- [SOURCE DATA]:
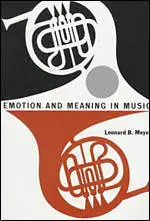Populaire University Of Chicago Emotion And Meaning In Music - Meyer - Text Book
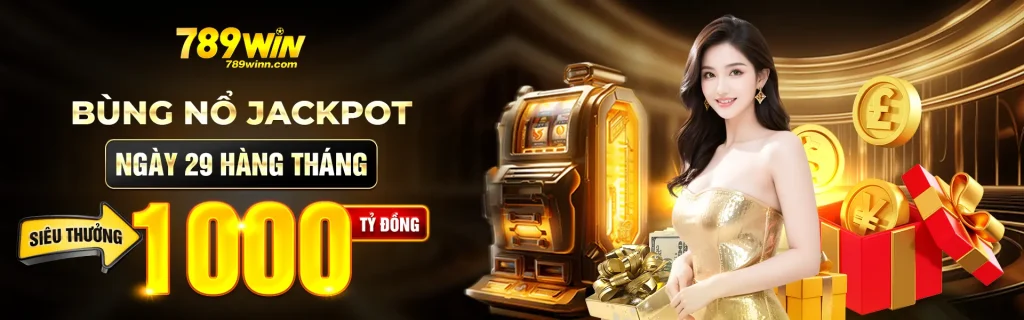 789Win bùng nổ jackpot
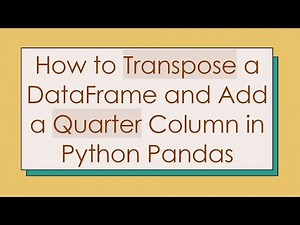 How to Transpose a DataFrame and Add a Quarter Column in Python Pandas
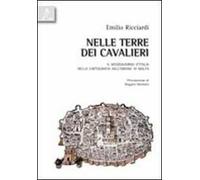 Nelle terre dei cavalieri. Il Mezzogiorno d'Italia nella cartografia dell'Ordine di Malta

- [WORK ORDER]:
Write the material above out again exactly. Omit every image.

- [EXERCISE RESULT]:
Populaire University Of Chicago Emotion And Meaning In Music - Meyer - Text Book
 789Win bùng nổ jackpot
 How to Transpose a DataFrame and Add a Quarter Column in Python Pandas
 Nelle terre dei cavalieri. Il Mezzogiorno d'Italia nella cartografia dell'Ordine di Malta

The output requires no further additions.